— TASK OBJECTIVE —
Your task is to repeat all of the data exactly while excluding the pictures.

** Opening RECORDED INFORMATION block **

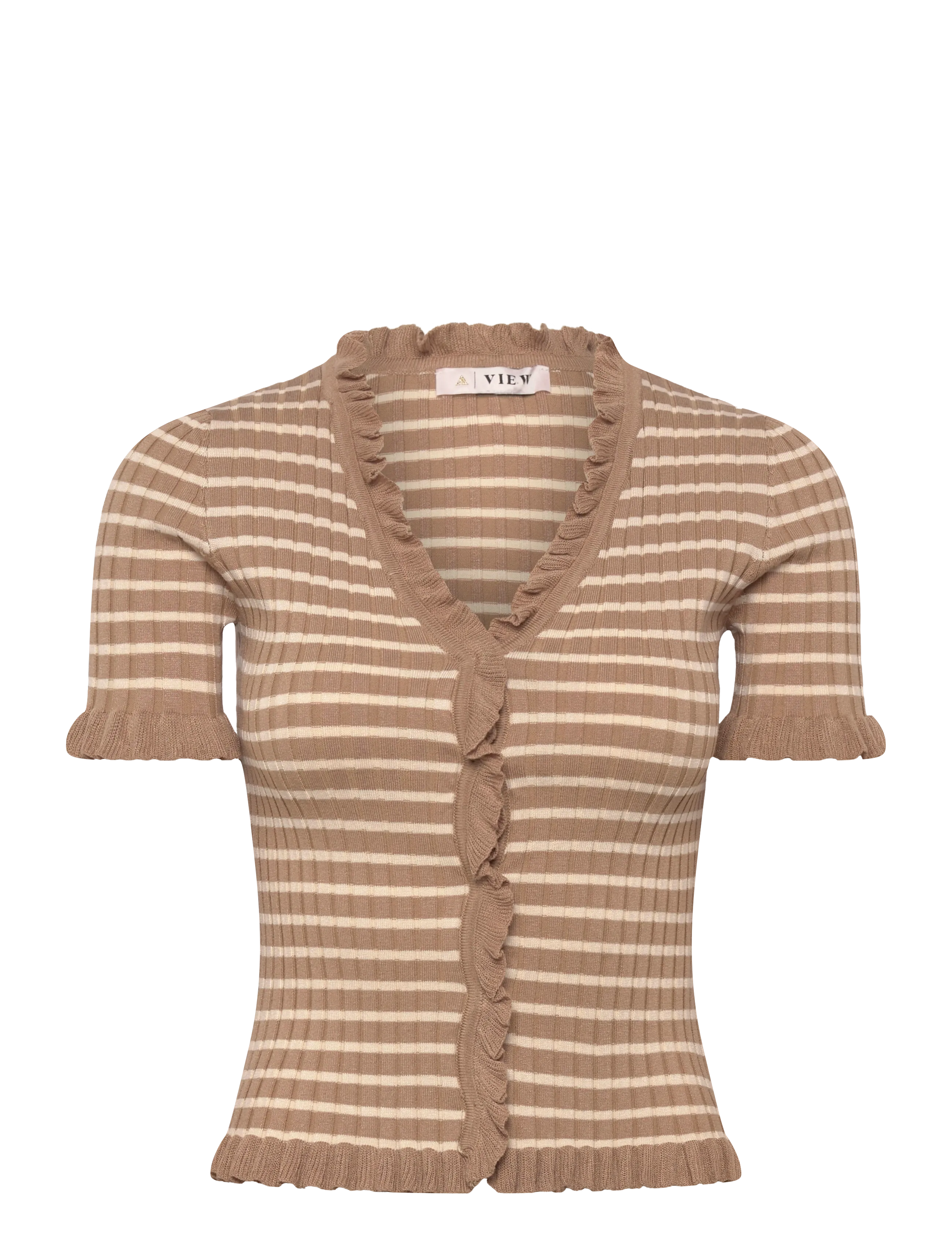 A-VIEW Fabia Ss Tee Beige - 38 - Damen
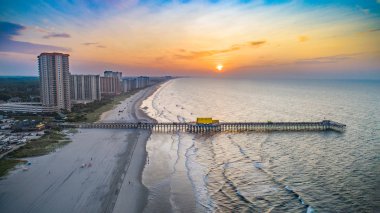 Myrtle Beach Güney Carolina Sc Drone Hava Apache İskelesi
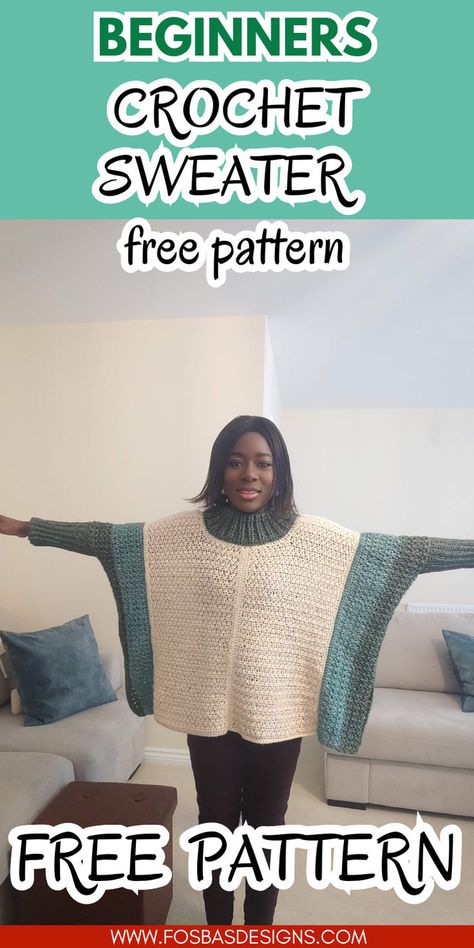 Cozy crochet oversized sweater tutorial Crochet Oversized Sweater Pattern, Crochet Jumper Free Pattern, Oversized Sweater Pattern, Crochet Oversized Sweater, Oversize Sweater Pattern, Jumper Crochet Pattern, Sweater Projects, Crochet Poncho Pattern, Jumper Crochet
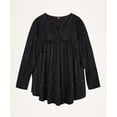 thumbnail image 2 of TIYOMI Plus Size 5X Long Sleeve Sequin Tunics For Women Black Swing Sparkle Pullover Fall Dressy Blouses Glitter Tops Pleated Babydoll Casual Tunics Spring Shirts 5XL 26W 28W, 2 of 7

** Closing RECORDED INFORMATION block **

— RESPONSE AREA —
 A-VIEW Fabia Ss Tee Beige - 38 - Damen
 Myrtle Beach Güney Carolina Sc Drone Hava Apache İskelesi
 Cozy crochet oversized sweater tutorial Crochet Oversized Sweater Pattern, Crochet Jumper Free Pattern, Oversized Sweater Pattern, Crochet Oversized Sweater, Oversize Sweater Pattern, Jumper Crochet Pattern, Sweater Projects, Crochet Poncho Pattern, Jumper Crochet
 thumbnail image 2 of TIYOMI Plus Size 5X Long Sleeve Sequin Tunics For Women Black Swing Sparkle Pullover Fall Dressy Blouses Glitter Tops Pleated Babydoll Casual Tunics Spring Shirts 5XL 26W 28W, 2 of 7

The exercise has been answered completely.